◆ **TASK DETAILS**
Write out exactly the lines that run from the one containing "this 500×333 image." to the end of the entries below, with both end lines included.

◆ **PROVIDED INFORMATION**
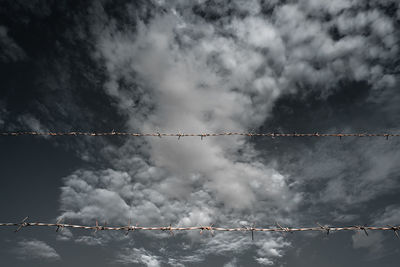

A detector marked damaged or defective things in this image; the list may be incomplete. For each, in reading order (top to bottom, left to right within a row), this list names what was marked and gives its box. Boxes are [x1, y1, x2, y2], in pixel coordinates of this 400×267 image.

rusty barbed wire [0, 220, 400, 241]
rust on wire [0, 220, 400, 241]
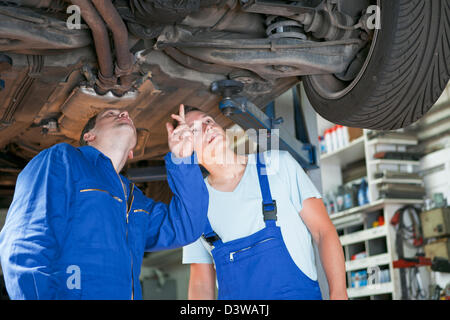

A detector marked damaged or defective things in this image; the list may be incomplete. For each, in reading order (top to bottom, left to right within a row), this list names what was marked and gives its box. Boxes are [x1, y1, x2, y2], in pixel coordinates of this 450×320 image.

rusty exhaust pipe [70, 0, 115, 95]
rusty exhaust pipe [91, 0, 134, 96]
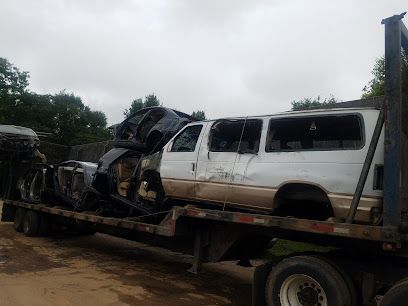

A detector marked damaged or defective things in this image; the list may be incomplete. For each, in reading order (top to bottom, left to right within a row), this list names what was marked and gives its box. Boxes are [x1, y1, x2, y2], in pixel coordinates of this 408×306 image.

damaged white van [139, 107, 384, 225]
rusted metal part [346, 104, 384, 224]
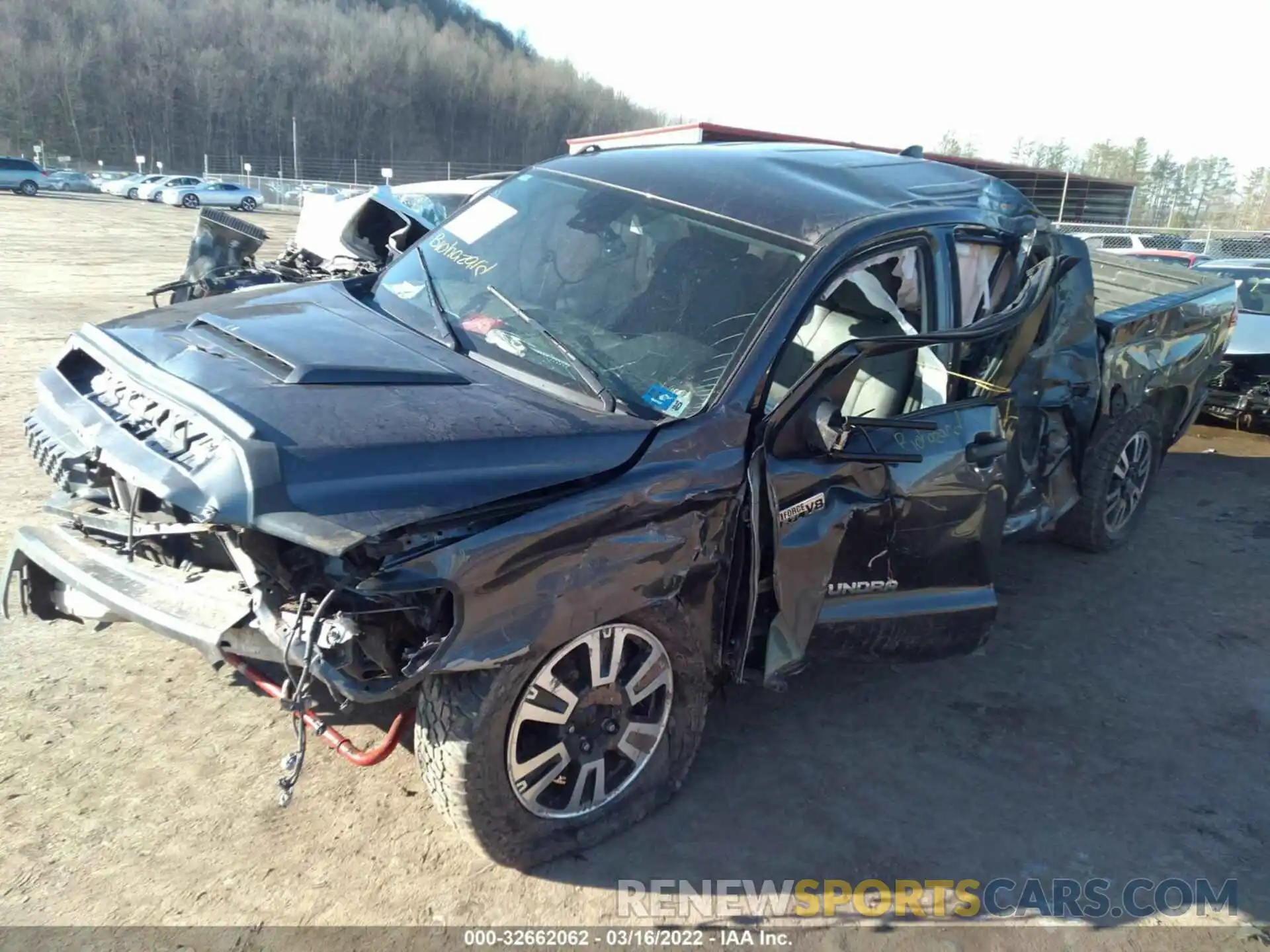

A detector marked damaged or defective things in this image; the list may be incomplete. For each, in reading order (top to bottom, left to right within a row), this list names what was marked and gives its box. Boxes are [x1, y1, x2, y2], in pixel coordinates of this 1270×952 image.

crumpled hood [89, 283, 656, 542]
shattered windshield [373, 169, 804, 415]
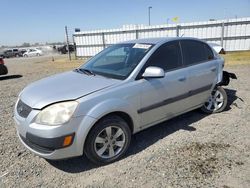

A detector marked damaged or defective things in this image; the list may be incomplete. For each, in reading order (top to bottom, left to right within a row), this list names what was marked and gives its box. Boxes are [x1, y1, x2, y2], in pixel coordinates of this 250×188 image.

cracked headlight [35, 100, 78, 125]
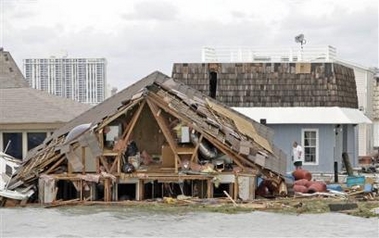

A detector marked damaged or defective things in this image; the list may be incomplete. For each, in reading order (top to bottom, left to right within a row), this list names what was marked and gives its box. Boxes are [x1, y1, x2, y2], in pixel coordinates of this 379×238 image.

damaged structure [2, 71, 288, 206]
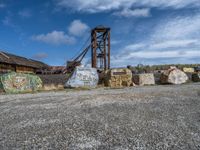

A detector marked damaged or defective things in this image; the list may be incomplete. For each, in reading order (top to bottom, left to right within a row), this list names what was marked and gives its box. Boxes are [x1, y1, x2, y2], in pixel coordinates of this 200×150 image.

rusty metal tower [91, 26, 110, 70]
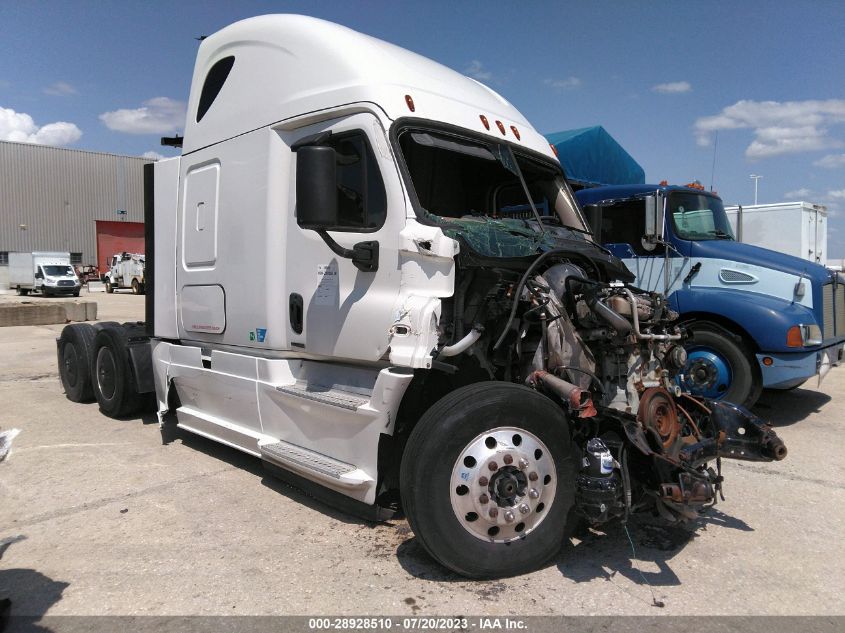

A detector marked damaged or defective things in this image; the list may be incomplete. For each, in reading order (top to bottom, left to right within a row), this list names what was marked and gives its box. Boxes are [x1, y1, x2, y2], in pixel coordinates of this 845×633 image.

shattered windshield [396, 128, 588, 247]
shattered windshield [672, 191, 732, 241]
damaged semi truck [57, 14, 784, 576]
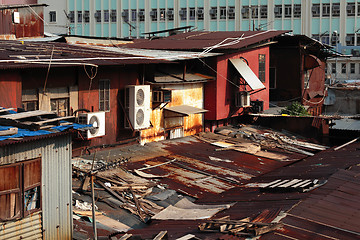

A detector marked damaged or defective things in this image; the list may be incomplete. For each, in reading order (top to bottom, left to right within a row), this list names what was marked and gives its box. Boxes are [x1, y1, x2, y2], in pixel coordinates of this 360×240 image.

rusty corrugated sheet [125, 30, 288, 50]
peeling paint wall [140, 82, 204, 144]
rusted metal sheet [0, 213, 42, 239]
rusty corrugated sheet [0, 213, 43, 239]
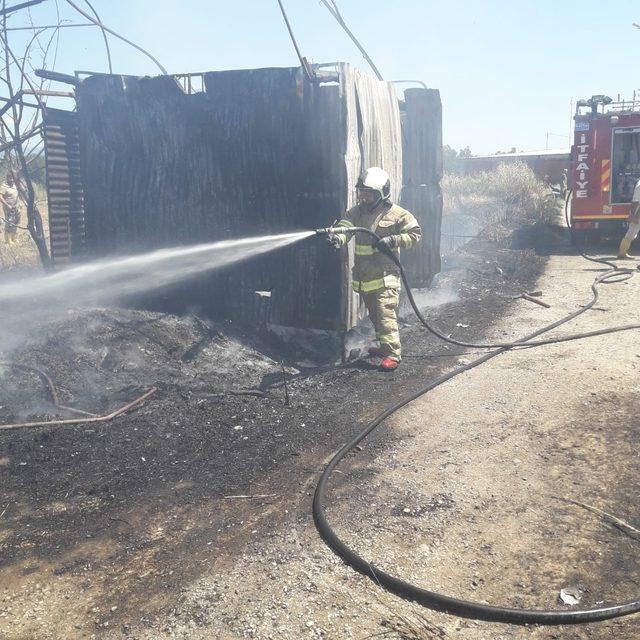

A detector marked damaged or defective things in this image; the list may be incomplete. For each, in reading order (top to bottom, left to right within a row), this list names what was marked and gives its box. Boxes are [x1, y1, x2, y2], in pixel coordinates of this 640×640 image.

burnt wooden wall [70, 65, 440, 332]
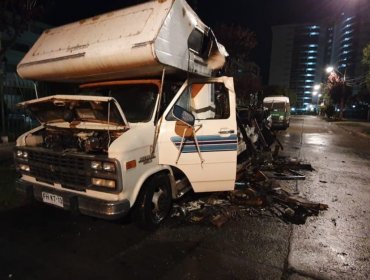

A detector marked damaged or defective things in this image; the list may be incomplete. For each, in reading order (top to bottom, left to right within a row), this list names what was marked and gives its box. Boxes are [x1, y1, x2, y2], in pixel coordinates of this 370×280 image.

burnt engine [26, 128, 118, 154]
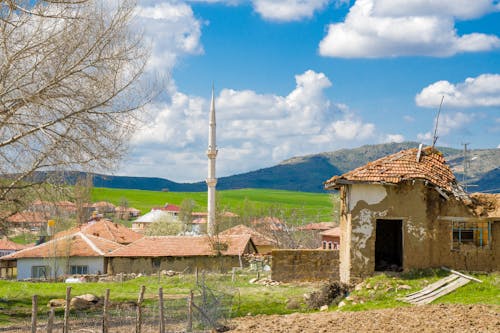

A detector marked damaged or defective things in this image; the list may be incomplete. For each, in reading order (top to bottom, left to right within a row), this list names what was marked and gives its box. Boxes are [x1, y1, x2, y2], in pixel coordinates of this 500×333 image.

damaged roof [326, 146, 462, 195]
damaged roof [108, 233, 254, 256]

◆ **TASK RESULT**
A detector marked damaged or defective things in this image; the list may be incomplete. For each, in reading order (top to bottom, left to right within a row), this list names what was marked and gives its box. Boxes are [x1, y1, x2, y2], in pixel coordinates of this 500×333 image.

damaged roof [326, 146, 462, 195]
damaged roof [108, 233, 254, 256]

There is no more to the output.